Everything from the line with "You can add" down to the line with "Only by turning" below must be printed exactly, those two lines included. Exclude pictures.

___ DATA FOR ANALYSIS ___

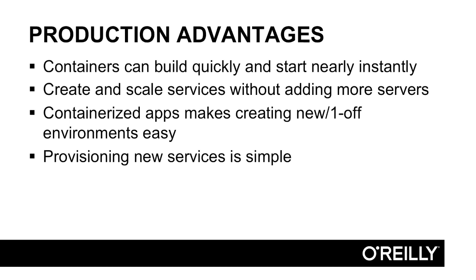Also, you can create and scale services without adding more servers. Once your infrastructure is in place, all it takes to add a new service is simply run more containers across that infrastructure. And containerized apps make creating new or one-off environments very easy.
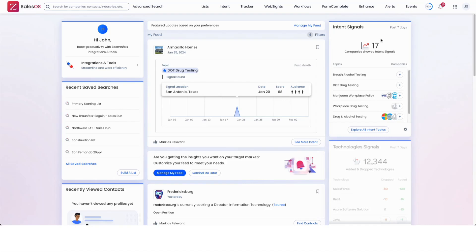The full rundown of ZoomInfo, SalesOS, and how we can use it to export some leads over to HubSpot.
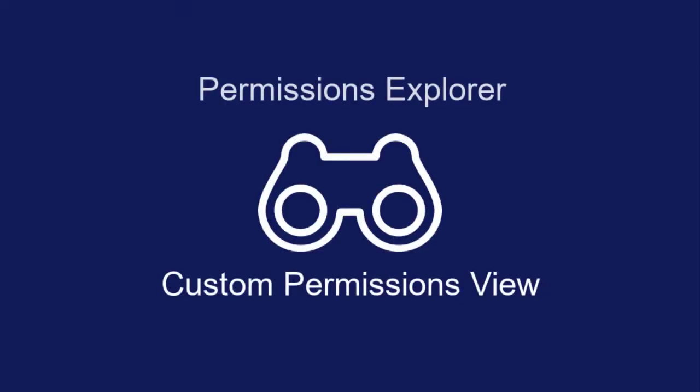The Custom Permissions view of the Permissions Explorer in OpenText Content Server helps you change permissions for multiple items within a container.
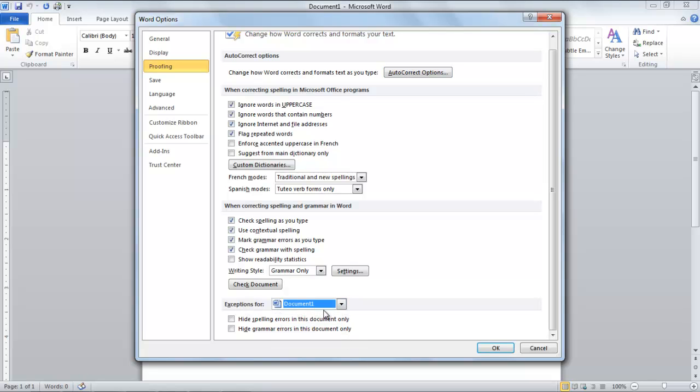You can add exceptions for the particular document you are working on by ticking on the checkbox titled Hide Spelling and Grammar in this document only.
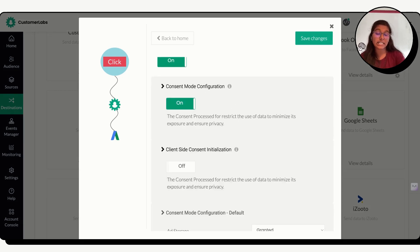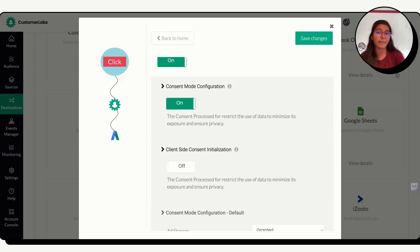Only by turning this on, we will be able to append the consent details of the user collected from the CMT platform and send it to Google Ads.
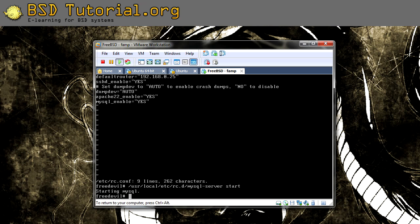Now we need to set a root password — the local password. You use mysqladmin to do this. The password is set between single quotations, not double quotes — we use two single quotes and put the password between them. In my case I'm going to use a very simple password, which is 'hello' for example.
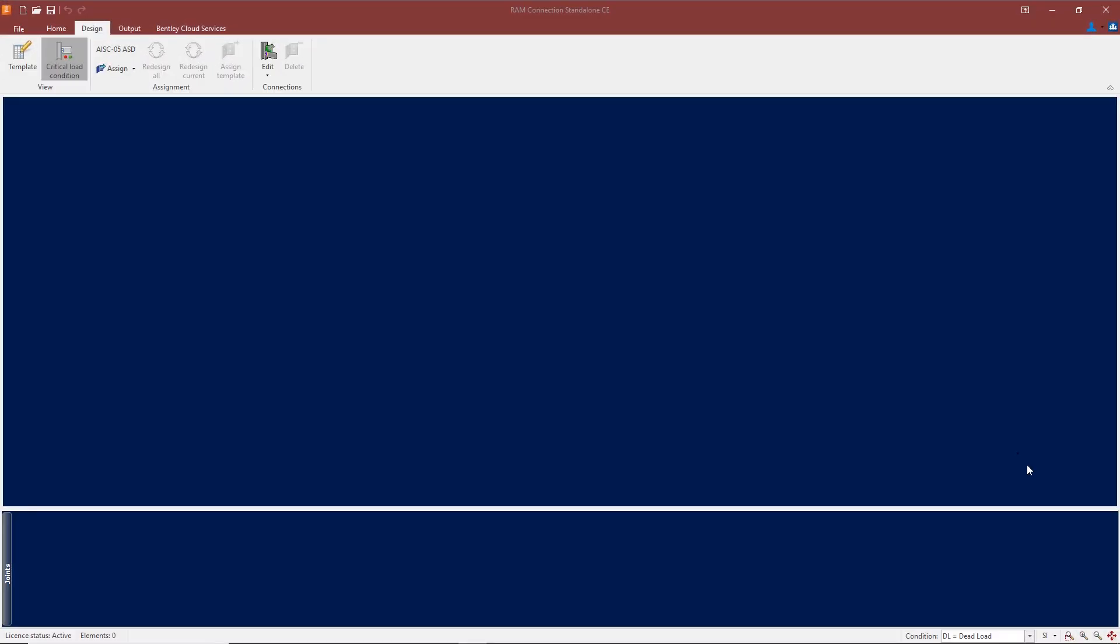Hello, I'm Richard Tully with Bentley Systems, and in this short video I will outline the connections available when using the Eurocode option in RAM Connection.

___

EXPECTED OUTPUT:
You can add exceptions for the particular document you are working on by ticking on the checkbox titled Hide Spelling and Grammar in this document only.
Only by turning this on, we will be able to append the consent details of the user collected from the CMT platform and send it to Google Ads.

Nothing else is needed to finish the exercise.